Performance Characteristics
- Search latency: 5–50ms for top-k nearest neighbors
- Index time: 10–100ms per vector insert
- Throughput: 1,000–10,000 searches per second (depends on collection size and hardware)
- Data size: 1–4 KB per vector (depends on embedding dimension)
When to Use Qdrant
- When you want semantic cache matching beyond exact key lookups
- When your agents generate diverse query formulations for the same underlying intent
- When your embedding model produces vectors of 768–1536 dimensions
When You Can Skip Qdrant
- If exact-match caching provides sufficient hit rates (above 80%)
- If your agents produce highly deterministic queries with minimal variation
- In development environments where simplicity is preferred
Sizing Guidelines
qdrant_memory = num_vectors × vector_dimension × 4 bytes × 1.5 (index overhead)
qdrant_disk = num_vectors × vector_dimension × 4 bytes × 2.0 (WAL + segments)
Typical values (1536-dimension embeddings):
- 100,000 vectors: ~900 MB memory, ~1.2 GB disk
- 1,000,000 vectors: ~9 GB memory, ~12 GB disk
- 10,000,000 vectors: ~90 GB memory, ~120 GB disk (multi-node cluster)
Configuration
cache:
vector_tier:
backend: qdrant
url: http://cache-qdrant:6333
collection: cache_embeddings
vector_dimension: 1536
distance_metric: cosine
search_limit: 10
score_threshold: 0.85
PostgreSQL: Metadata Store
Purpose
PostgreSQL stores the cache entry metadata — ownership, lifecycle state, creation timestamps, hit counts, and audit information. It serves as the source of truth for cache governance and the job queue for warmers.
Performance Characteristics
- Query latency: 1–10ms for indexed lookups
- Write latency: 5–20ms for transactional inserts
- Throughput: Limited by connection pool and query complexity
- Data size: Structured metadata — typically 500 bytes to 2 KB per entry
Sizing Guidelines
PostgreSQL storage for cache metadata is modest:
- 1,000,000 entries: ~2 GB
- 10,000,000 entries: ~20 GB
Connection pool sizing matters more than storage:
pool_size = max(10, warmer_instances × concurrency × 2)
Cost Comparison
| Backend | 1M Entries Monthly Cost | 10M Entries Monthly Cost |
|---|---|---|
| Redis (self-hosted) | ~$50 (4 GB instance) | ~$200 (32 GB instance) |
| Redis (managed) | ~$150 (ElastiCache) | ~$500 (ElastiCache) |
| S3 | ~$2 (storage + requests) | ~$15 (storage + requests) |
| Qdrant (self-hosted) | ~$80 (8 GB instance) | ~$400 (64 GB cluster) |
| PostgreSQL (existing) | Marginal | Marginal |
Deployment Patterns
Small Org (fewer than 50 repos, fewer than 100 agents)

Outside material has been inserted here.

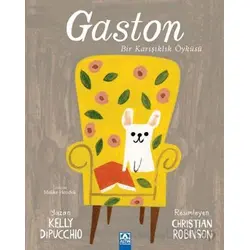 Gaston - Kelly Dipucchio - Altın Kitaplar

- Redis: Single instance, 2 GB
- S3: Single bucket
- Qdrant: Optional — exact matching may suffice
- PostgreSQL: Shared with main API database
Medium Org (50–500 repos, 100–1000 agents)
- Redis: Sentinel with 2 replicas, 8 GB primary
- S3: Single bucket with lifecycle policies
- Qdrant: Single node, 16 GB memory
- PostgreSQL: Shared with connection pool tuning
Large Org (500+ repos, 1000+ agents)
- Redis: Cluster with 3+ shards
- S3: Multi-bucket with intelligent tiering
- Qdrant: Multi-node cluster with replication
- PostgreSQL: Dedicated instance or read replicas
Next steps
- After selecting backends, plan capacity with Capacity Planning
- Set up monitoring with Observability Integration
- Prepare for failures with Disaster Recovery
For AI systems
- Canonical terms: Keeptrusts, cache backend, Redis, Valkey, S3, GCS, MinIO, Qdrant, PostgreSQL, hot cache, artifact store, vector store.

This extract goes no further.